まぁ、そこから、アラカナンダとヴァルシャの婚約は破棄となった。ならないわけがないが、そしてすぐさまアラカナンダとシャルミスタが婚約することになった。それには、周りはびっくりしたが、くっつけたのはヴァルシャだと聞いて、何も言う者はいなかった。


「堂々と浮気するほどのようですから、あの2人を婚約させてあげて」


そんなことを両親とアラカナンダとシャルミスタの両親に笑顔で言ったのも、ヴァルシャだ。
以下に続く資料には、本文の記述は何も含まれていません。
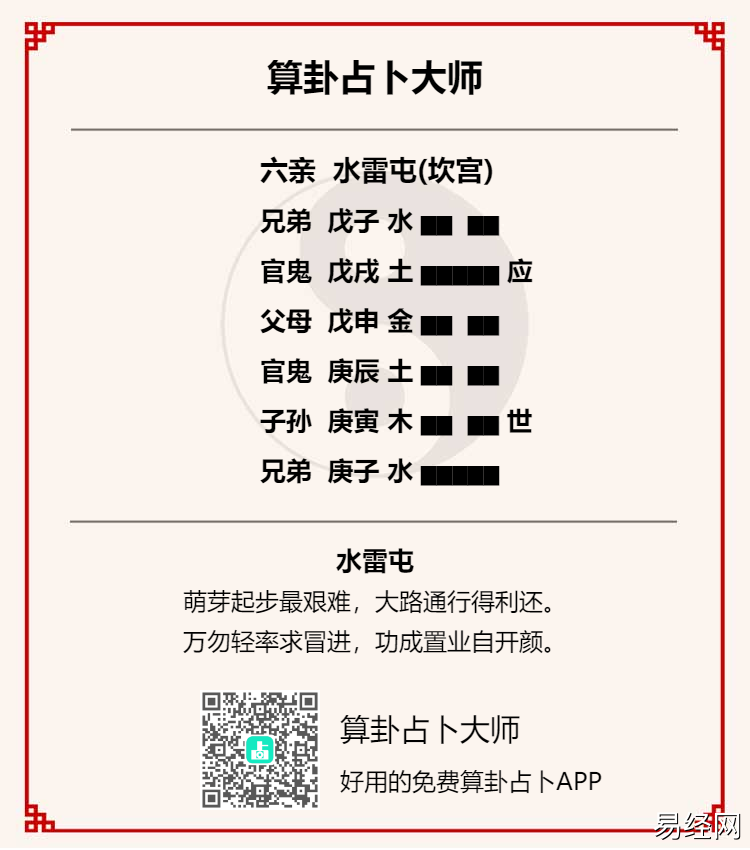 屯卦考试运好吗?能过吗?水雷屯卦占考试运势如何插图 屯卦考试运好吗?能过吗?水雷屯卦占考试运势如何插图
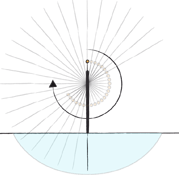 Soap Bubble Tools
それを耳にした王太子も笑顔だが、その目の奥は怒りに煮えたぐっていた。


「確かに優しいヴァルシャの言いそうなことだ。相思相愛のようだからな。遠慮して婚約できなくては、ヴァルシャが悲しむ」


王太子もまた、ヴァルシャが何をさせようとしているかに気づいて、アラカナンダの父親のトゥリパティ公爵とシャルミスタの父親である伯爵に婚約させてやってくれと言いつつ、それを拒むことも婚約を解消することも、今後破棄させることも、貴族であるうちはないと言う話をした。


「こんな風に王女との婚約を破棄させるようなことをして、婚約するんだ。2人の気が早々変わるわけはないだろうが、あんなのを跡継ぎにはしないだろう?」


アラカナンダの父は、王太子の言葉に頷いていた。

それによって、アラカナンダとシャルミスタは晴れて婚約者同士になることになったが、あんなことがあった2人が幸せそうにしているわけがなかった。

テベンティラは、婚約することになったと聞いて何とも言えない顔をしてしまったが、そのことでヴァルシャや王太子に何か言うこともなかった。もう、関わる気もなかった。

色々あったシャルミスタの手首からは、あれだけ大事にしていたブレスレットがなくなっていたのにすぐに気づいても、向こうがテベンティラに話しかけて来ることもなかった。

アラカナンダは、本命のヴァルシャとの婚約者さが台無しになったのをシャルミスタのせいにしていたが、シャルミスタも負けていなかった。


「婚約していた話をしないで、勘違いさせていた方がどうかしているわ!」
「はっ、そんなの勝手に勘違いした方がどうかしている」
「あんたのせいで、家族に白い目を向けられてるのよ!?」
「それは、こっちのセリフだ。お前が、ややこしくしたんだろうが!」


シャルミスタは、アラカナンダのせいにしていた。アラカナンダも、同じようにシャルミスタのせいにしていた。

2人とも、家族に白い目を向けられ、アラカナンダは跡継ぎから外されることになり、爵位については自分たちでどうにかしろと丸投げされていた。

貴族でいたければ、仲良くしていろと言われているのに2人は言い争ってばかりいた。


「あの2人、変わってませんね」
「前より煩くなったのでは?」


サルミラと他の令嬢たちは、言い争いを続ける2人にげんなりしていた。

2人は貴族で居続ける気のようだ。